Vía Arcadi Espada.
Estaba Lutz, estaba Wallenberg, estaba Perlasca, en el friso de homenaje de la gran sinagoga. Estaban todos, menos Sanz Briz. Me vi obligado a presentar una queja formal en nombre de España. O quizá fuera en nombre de la roja. Me falta memoria en los momentos decisivos. El director del museo, muy amable hasta entonces, no se tomó nada bien la queja. Murmuró hoscamente algo que nuestro anfitrión húngaro, el profesor Harsanyi, no supo bien cómo traducir. Luego me dio las gracias con sequedad. Lo interesante es que ni él ni nadie supieron explicar las razones de la ausencia del diplomático español en la zona candente del museo del Holocausto. Pero no hay más razón que España.
La historia del Budapest del final de la guerra, y las actividades del diplomático español Sanz Briz y del agente comercial Giorgio Perlasca es complicada. La explicaremos con detalle y brío en su momento. Pero por debajo y encima de todo está España. La pusilanimidad española. Sus complejos. Su irrisorio lugar en el mundo moderno. Un hombre que tiene —documentada— la salvación de cientos, tal vez miles, de ciudadanos húngaros es echado para un lado en el propio Budapest a causa de su incómoda condición de administrativo franquista. Sanz Briz no es un héroe romántico, naturalmente. No lleva la gabardina bogartiana de Wallenstein ni desaparece como él en el misterio central de nuestro tiempo, allí donde se cruzan Auschwitz y el Gulag.

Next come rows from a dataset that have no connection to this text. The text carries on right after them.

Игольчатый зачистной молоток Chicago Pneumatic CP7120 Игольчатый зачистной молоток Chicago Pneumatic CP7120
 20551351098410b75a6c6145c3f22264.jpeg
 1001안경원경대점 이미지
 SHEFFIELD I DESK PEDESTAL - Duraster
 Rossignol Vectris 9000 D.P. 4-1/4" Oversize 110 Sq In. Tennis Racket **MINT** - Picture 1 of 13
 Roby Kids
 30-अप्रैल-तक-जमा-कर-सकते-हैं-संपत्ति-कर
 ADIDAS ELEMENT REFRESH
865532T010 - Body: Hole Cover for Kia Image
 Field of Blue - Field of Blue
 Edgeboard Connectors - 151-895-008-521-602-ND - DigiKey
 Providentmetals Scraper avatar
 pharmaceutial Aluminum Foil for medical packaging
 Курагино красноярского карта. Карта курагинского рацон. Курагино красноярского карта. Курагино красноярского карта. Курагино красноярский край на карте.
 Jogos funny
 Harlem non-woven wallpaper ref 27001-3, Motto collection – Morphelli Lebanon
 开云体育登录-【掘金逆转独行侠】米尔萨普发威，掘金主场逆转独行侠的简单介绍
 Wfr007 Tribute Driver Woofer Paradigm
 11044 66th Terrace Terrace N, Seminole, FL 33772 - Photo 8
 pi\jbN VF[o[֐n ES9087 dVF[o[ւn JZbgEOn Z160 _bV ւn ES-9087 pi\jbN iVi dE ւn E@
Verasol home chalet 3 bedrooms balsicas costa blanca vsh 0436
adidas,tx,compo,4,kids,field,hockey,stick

No adoba (¡reader!) su aventura con los ingredientes de arrojo e impostura de Perlasca,cavalier seul. Da mal en las películas. Pero es un frío desafío racional: ¿cómo y de qué manera un aliado objetivo de Hitler quiso y pudo salvar a las víctimas del nazismo? Para que su trabajo de cabildeo y compostura, de compromisos y pacto, de atildado engaño, de todas esas maniobras, en fin, que se desvanecen con la luz pueda alcanzar la galería de los héroes de la sinagoga se necesita la fuerza motriz de un país que defiende a sus héroes, sea cual sea la retórica que usen. Algo así como Francia. ¿Alguen se imagina la furia de Francia si uno de los suyos fuera excluido así?
Como luego tengo cita en la embajada con el cordial y bien instruido encargado de negocios, Pablo Zaldívar, aprovecho para prolongar mi ira de expañol:
—Si no en nombre de la Patria, que sea en nombre de la Ciencia. Pero protesten ustedes, por favor.
Y lo descansado que me siento al salir al sol rosado que proyectan, frente a la embajada, los muros del palacio Podmanizcky, héroe y princesa.